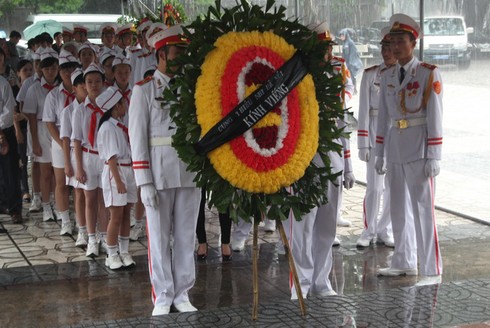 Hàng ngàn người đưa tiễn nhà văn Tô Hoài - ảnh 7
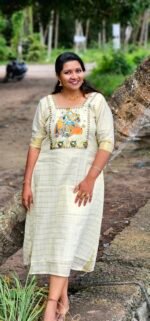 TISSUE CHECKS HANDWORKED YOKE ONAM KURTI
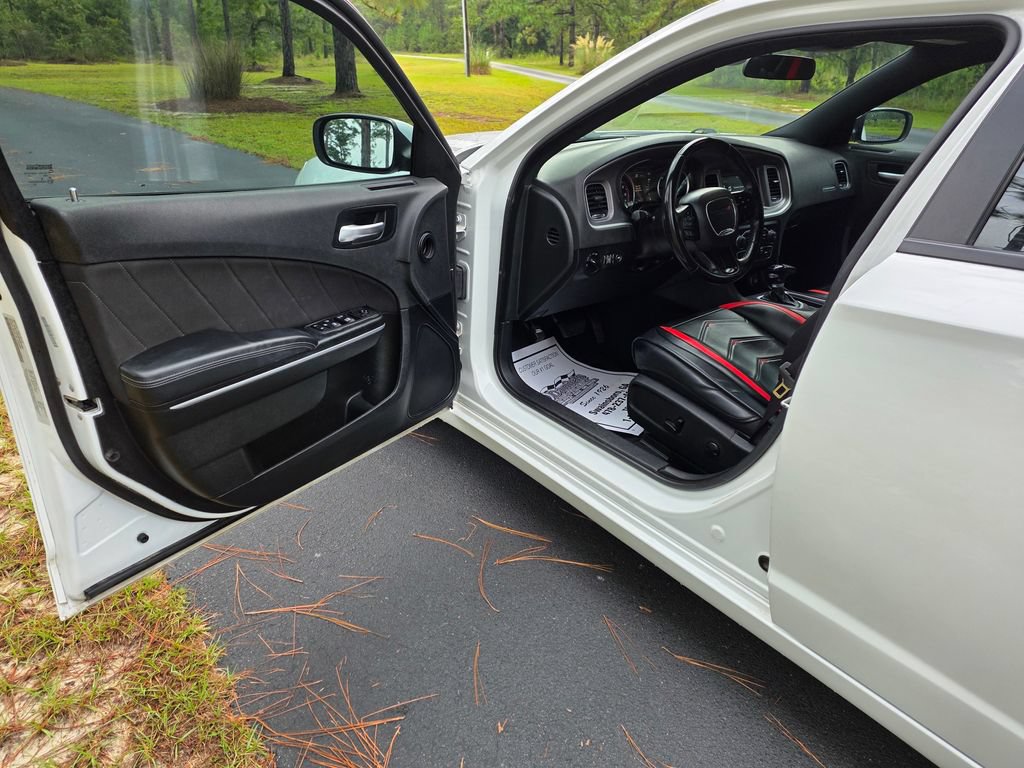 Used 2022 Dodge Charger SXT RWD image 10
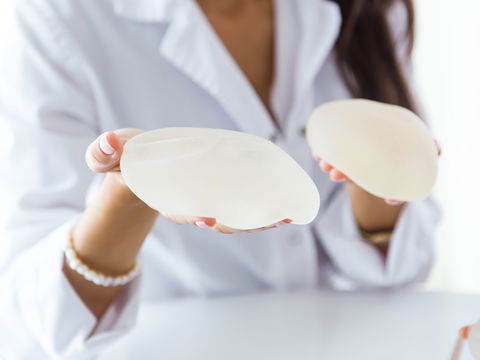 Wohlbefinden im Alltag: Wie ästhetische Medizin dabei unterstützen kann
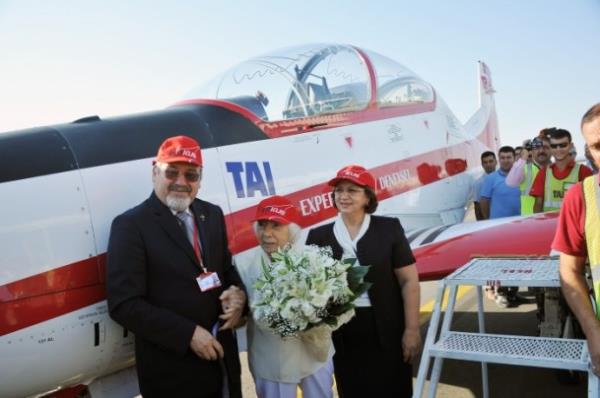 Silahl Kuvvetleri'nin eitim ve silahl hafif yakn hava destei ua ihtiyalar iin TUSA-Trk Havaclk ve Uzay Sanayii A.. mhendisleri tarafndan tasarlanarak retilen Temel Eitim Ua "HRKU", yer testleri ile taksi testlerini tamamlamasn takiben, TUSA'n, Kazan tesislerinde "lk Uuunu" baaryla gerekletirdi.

·····

- Requirement
In the entries above, which lines run from the one with "TISSUE CHECKS HANDWORKED YOKE ONAM KURTI" up to and including the one with "Wohlbefinden im Alltag: Wie"? Write them out exactly, without the pictures.

- Exercise solution
 TISSUE CHECKS HANDWORKED YOKE ONAM KURTI
 Used 2022 Dodge Charger SXT RWD image 10
 Wohlbefinden im Alltag: Wie ästhetische Medizin dabei unterstützen kann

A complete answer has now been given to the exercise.